Arak? Ist das nicht der Schnaps, den alte Männer überall in der Levante bei Backgammon trinken? Das war einmal, denn Arak ist auf dem besten Weg, zumindest in Israel ein echtes Trendgetränk zu werden…

Ganz in der Tradition der Craft-Biere ist eine neue Generation von Schnapsbrennern angetreten, ihren eigenen hochwertigen Arak zu brennen und so regionale Traditionen in die Clubszene zu überführen.

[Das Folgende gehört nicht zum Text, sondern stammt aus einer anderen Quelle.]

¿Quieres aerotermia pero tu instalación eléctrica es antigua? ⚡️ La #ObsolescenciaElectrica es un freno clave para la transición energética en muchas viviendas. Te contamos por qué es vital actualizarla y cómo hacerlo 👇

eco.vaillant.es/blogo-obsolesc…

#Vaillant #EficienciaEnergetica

„Ich finde, Arak passt wirklich gut in vielen klassischen Cocktails, die traditionell mit anderen Spirituosen gemixt werden“, so Barkeeper Adrey Frenkel aus Haifa. „Die, die einen eher frischen Geschmack haben, wie Moscow Mule oder French Maid schmecken großartig, wenn man als Alkohol Arak verwendet.“

Die Zeiten des billigen Elite-Araks sind lange vorbei. Heute gibt es in Israel kleine Privatbrennereien, die dem traditionellen Anisschnaps eine exklusive Note verleihen.

Da gibt es etwa die Golan-Brennerei, in der David Zibell die einen besonders ungewöhnlichen Arak produziert: Sein „Gold Label Arak“ erhält seine Farbe von einem sechsmonatigen Reifungsprozess in denselben Fässern, die zuvor für die Reifung des Whiskeys verwendet wurden, den Zibell ursprünglich hergestellt hat. Er setzt ganz auf die natürliche Herstellung des Getränks.

Für alle, die es nicht ganz so pur mögen, bieten andere israelische Marken wie etwa Malaki, Gat und Mabrouka einen Ansatz, der sich auch schon mit sogenannten Alkopops bewährt hat: Ihren Arak gibt es in Geschmacksrichtungen wie Kaugummi, Vanillekuchen oder Banana Split.